*** Block opens ***
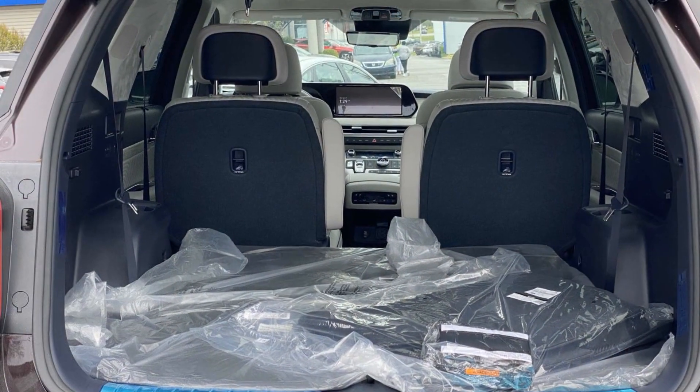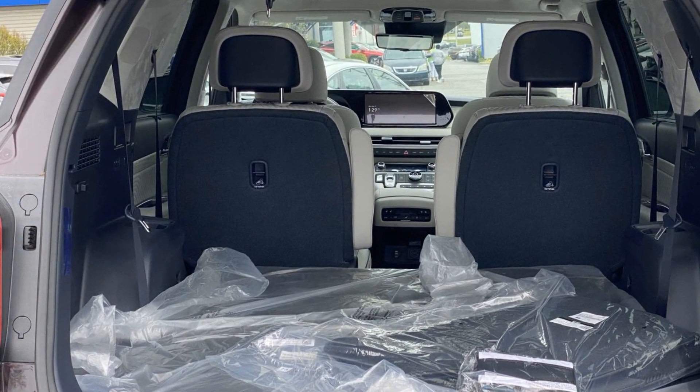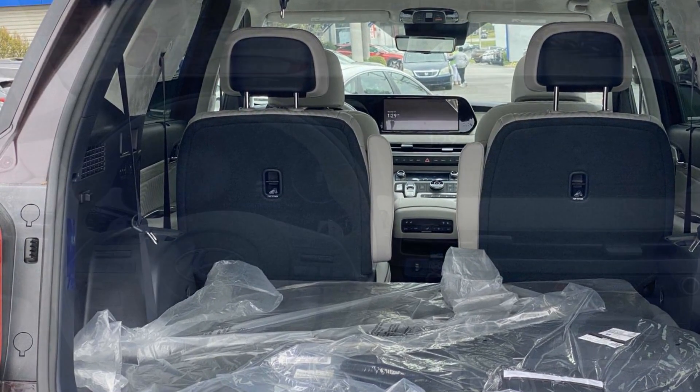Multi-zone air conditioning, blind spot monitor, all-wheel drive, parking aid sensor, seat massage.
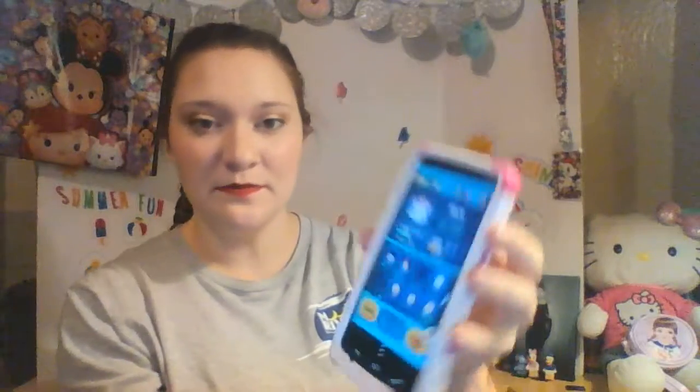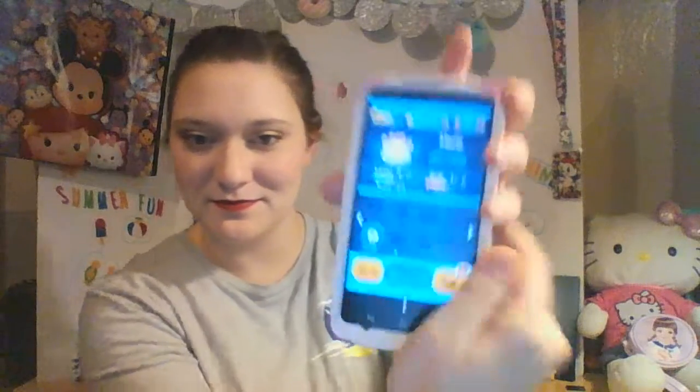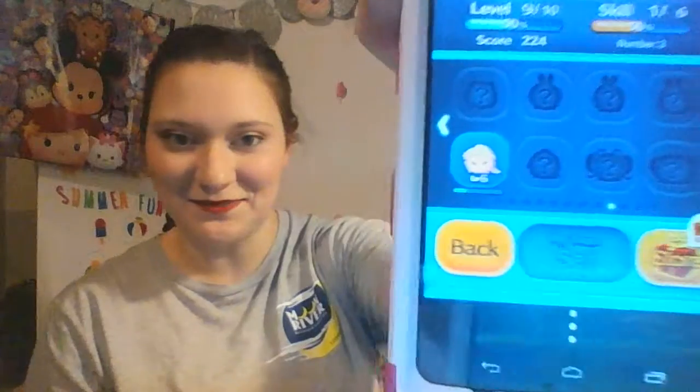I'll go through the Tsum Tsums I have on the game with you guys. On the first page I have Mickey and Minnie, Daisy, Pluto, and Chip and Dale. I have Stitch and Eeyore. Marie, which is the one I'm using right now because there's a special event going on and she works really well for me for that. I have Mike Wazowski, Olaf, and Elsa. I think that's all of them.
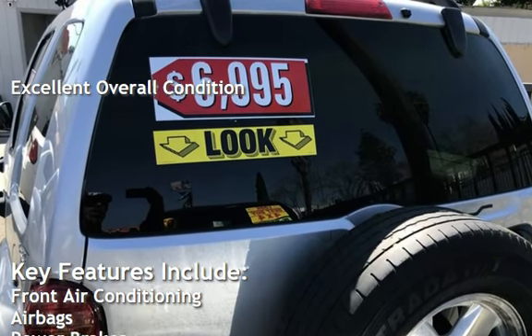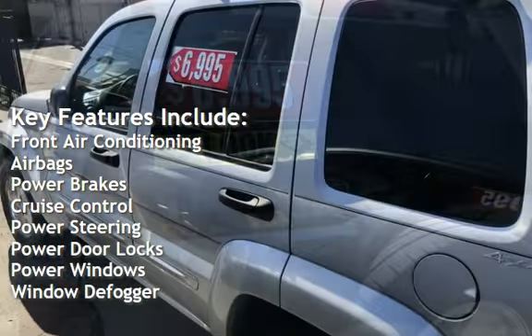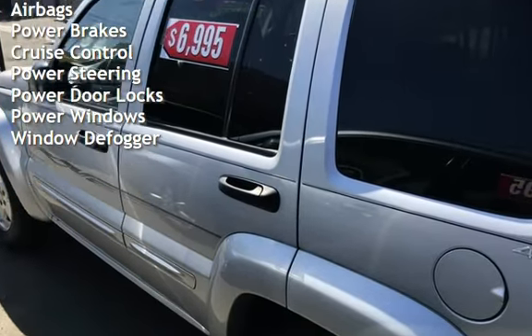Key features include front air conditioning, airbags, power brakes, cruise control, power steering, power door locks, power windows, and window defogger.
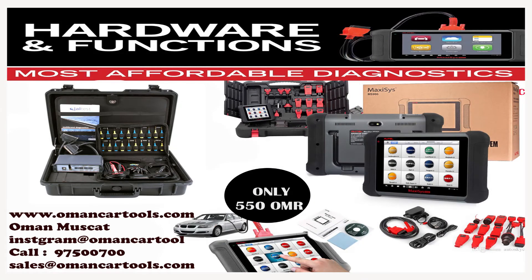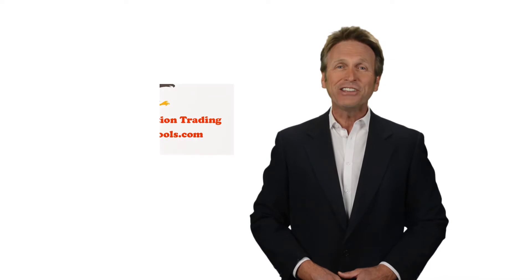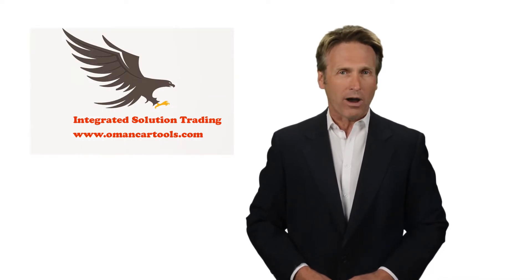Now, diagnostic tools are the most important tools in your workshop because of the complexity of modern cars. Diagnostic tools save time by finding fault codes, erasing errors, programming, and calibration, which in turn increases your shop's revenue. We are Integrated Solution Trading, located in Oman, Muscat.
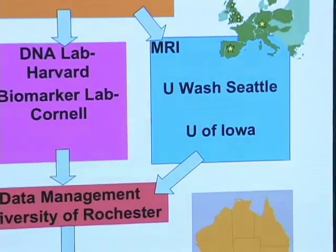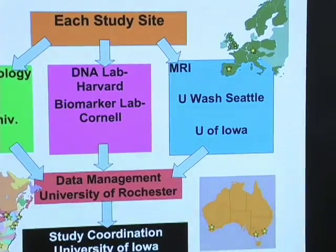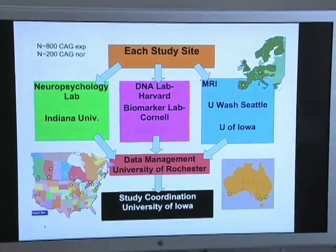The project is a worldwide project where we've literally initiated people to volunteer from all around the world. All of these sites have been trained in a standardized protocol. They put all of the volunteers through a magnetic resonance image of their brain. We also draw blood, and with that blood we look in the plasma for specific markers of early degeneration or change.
*** Block closes ***
**ABOUT THIS EXERCISE**. Exclude the pictures. Write out the remaining data exactly.

**RESPONSE TO THE EXERCISE**.
Multi-zone air conditioning, blind spot monitor, all-wheel drive, parking aid sensor, seat massage.
I'll go through the Tsum Tsums I have on the game with you guys. On the first page I have Mickey and Minnie, Daisy, Pluto, and Chip and Dale. I have Stitch and Eeyore. Marie, which is the one I'm using right now because there's a special event going on and she works really well for me for that. I have Mike Wazowski, Olaf, and Elsa. I think that's all of them.
Key features include front air conditioning, airbags, power brakes, cruise control, power steering, power door locks, power windows, and window defogger.
Now, diagnostic tools are the most important tools in your workshop because of the complexity of modern cars. Diagnostic tools save time by finding fault codes, erasing errors, programming, and calibration, which in turn increases your shop's revenue. We are Integrated Solution Trading, located in Oman, Muscat.
The project is a worldwide project where we've literally initiated people to volunteer from all around the world. All of these sites have been trained in a standardized protocol. They put all of the volunteers through a magnetic resonance image of their brain. We also draw blood, and with that blood we look in the plasma for specific markers of early degeneration or change.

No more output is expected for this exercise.